▸ Problem details
A word-for-word copy of the following listing is needed. Leave out its images.

▸ Dataset excerpt
━━━━━━━━━━━━━━━━━━━━
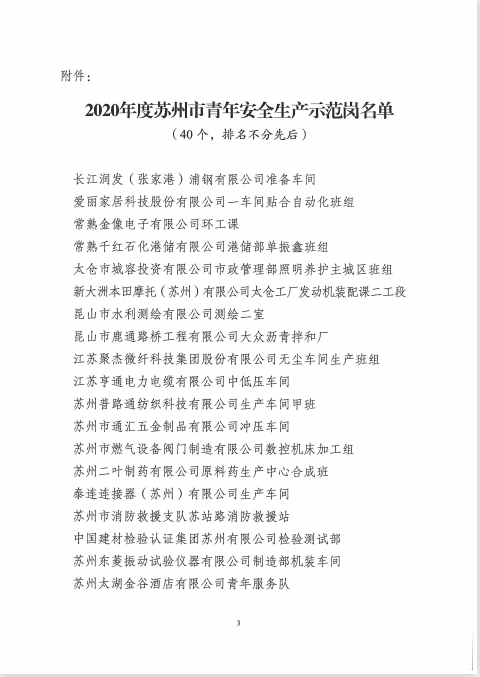 凯时尊龙|人生就是博(首页)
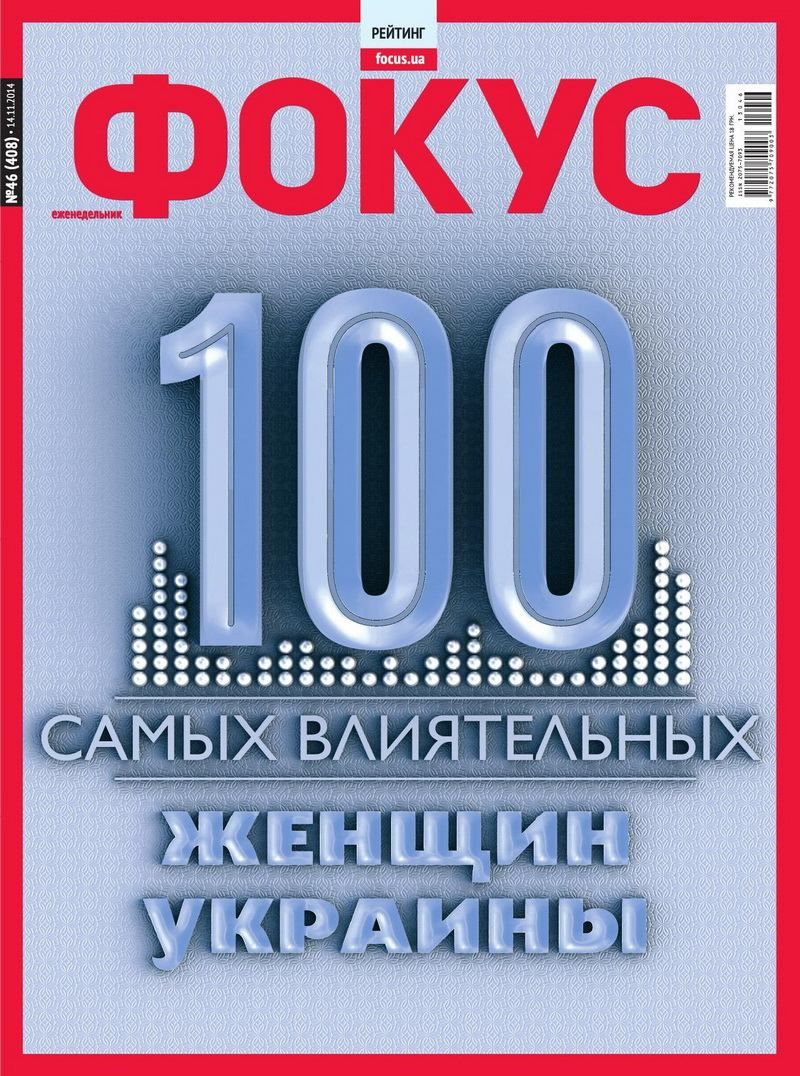 Рейтинг влиятельных женщин возглавляют волонтёры, Тимошенко – на втором месте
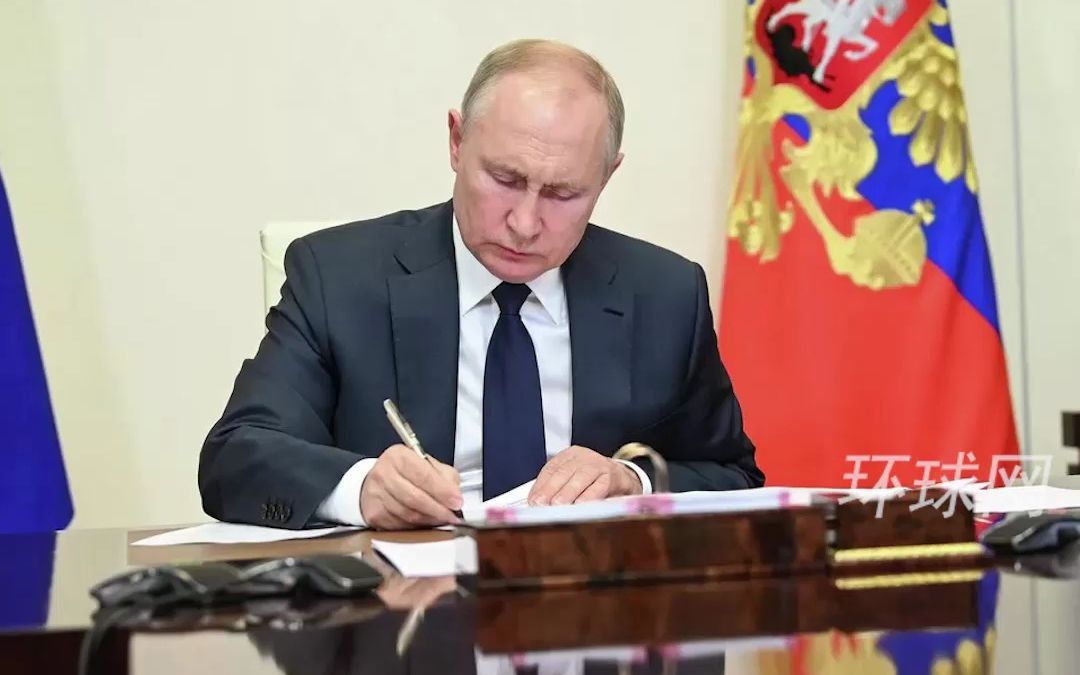 普京签署法律，撤销对《全面禁止核试验条约》的批准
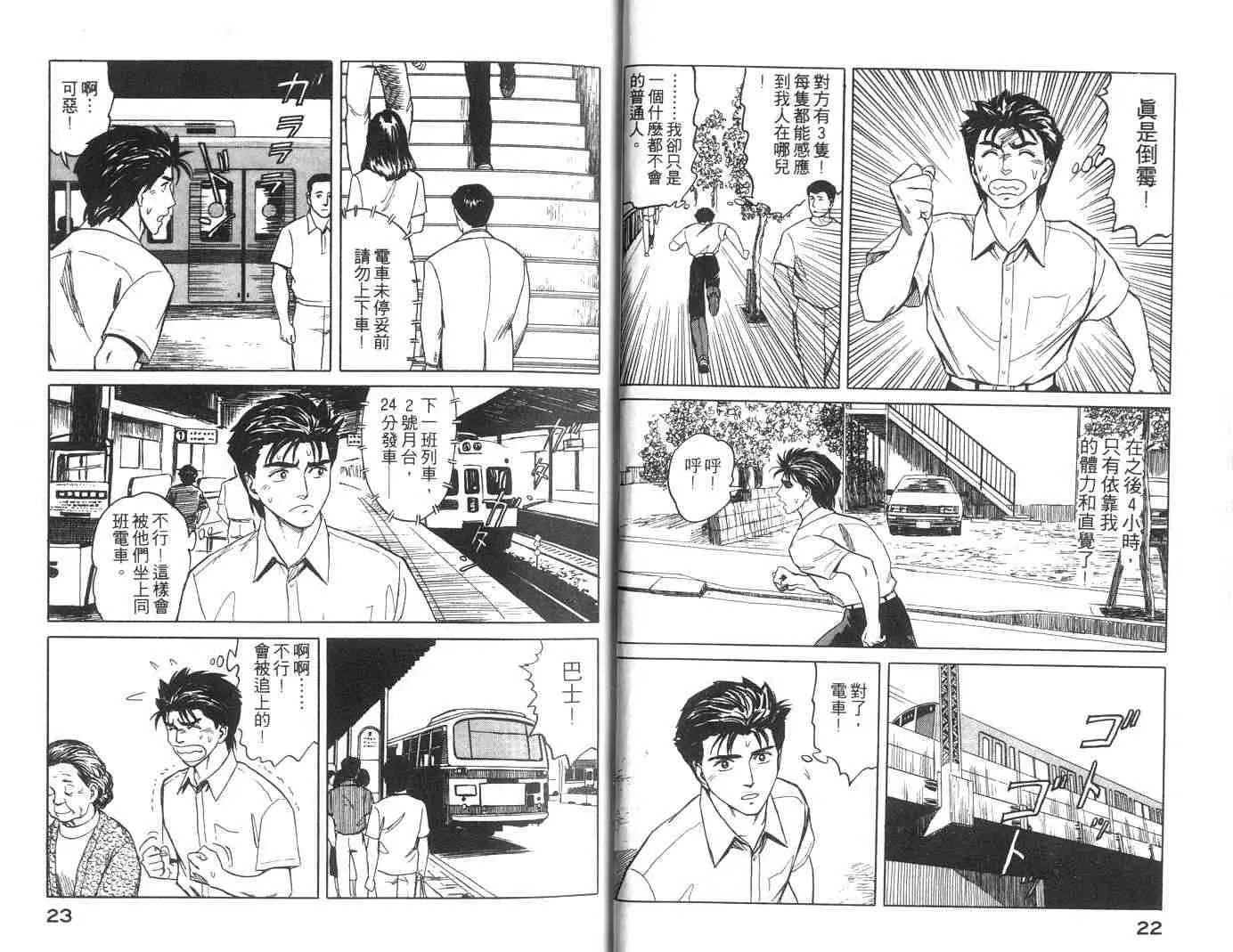第7卷 第12页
━━━━━━━━━━━━━━━━━━━━
▸ Response
 凯时尊龙|人生就是博(首页)
 Рейтинг влиятельных женщин возглавляют волонтёры, Тимошенко – на втором месте
 普京签署法律，撤销对《全面禁止核试验条约》的批准
第7卷 第12页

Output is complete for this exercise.